(Exercise directions) Word for word, repeat the data; no picture should appear in the result.

(Data section)
● ● ● ● ● ● ●

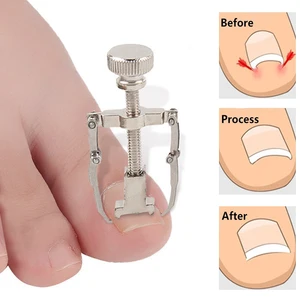 Ingrown Toe Pedicure Foot Nail Care Correction Tools File for Feet Orthotic Acronyx Ingrowing Nail O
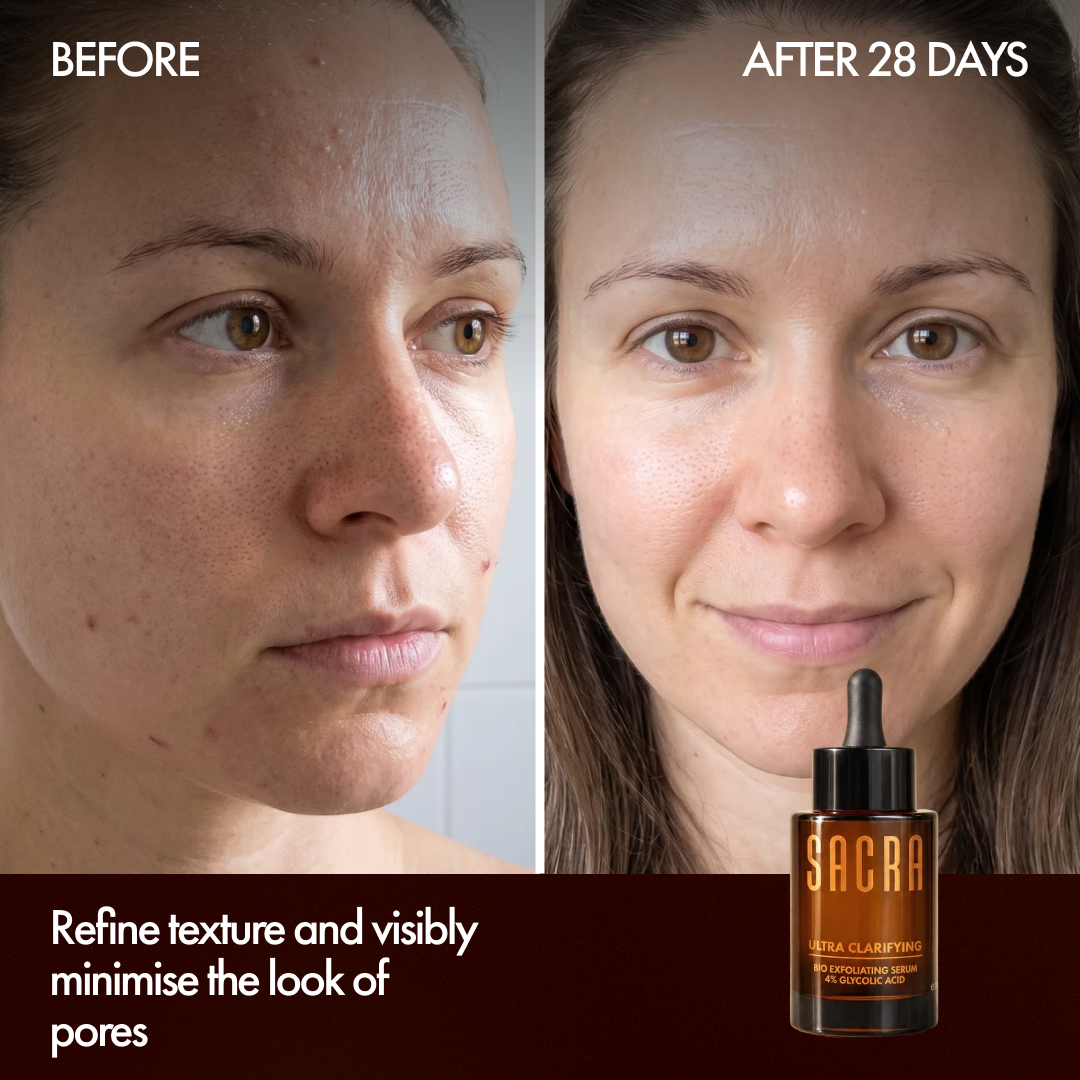 Before and after 28 days with Ultra Clarifying Serum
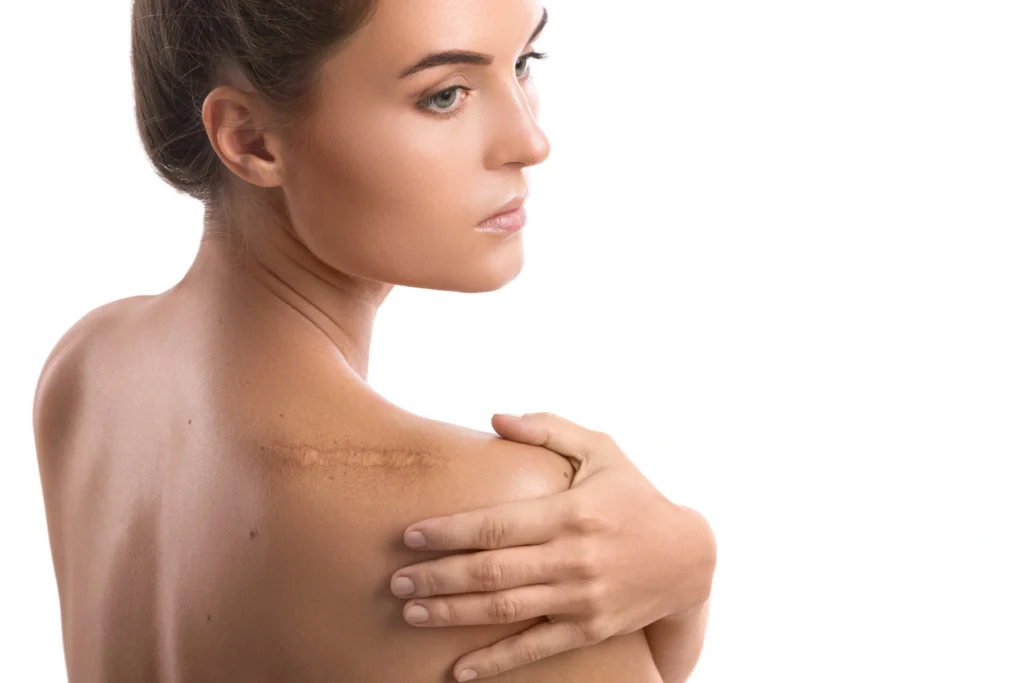 Scar on girl's back | ANEU Medical Spa in Madison WI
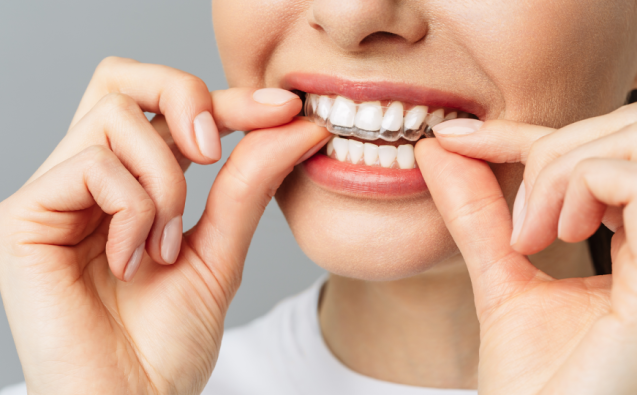 Clear aligner bite correction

● ● ● ● ● ● ●

(Reply)
 Ingrown Toe Pedicure Foot Nail Care Correction Tools File for Feet Orthotic Acronyx Ingrowing Nail O
 Before and after 28 days with Ultra Clarifying Serum
 Scar on girl's back | ANEU Medical Spa in Madison WI
 Clear aligner bite correction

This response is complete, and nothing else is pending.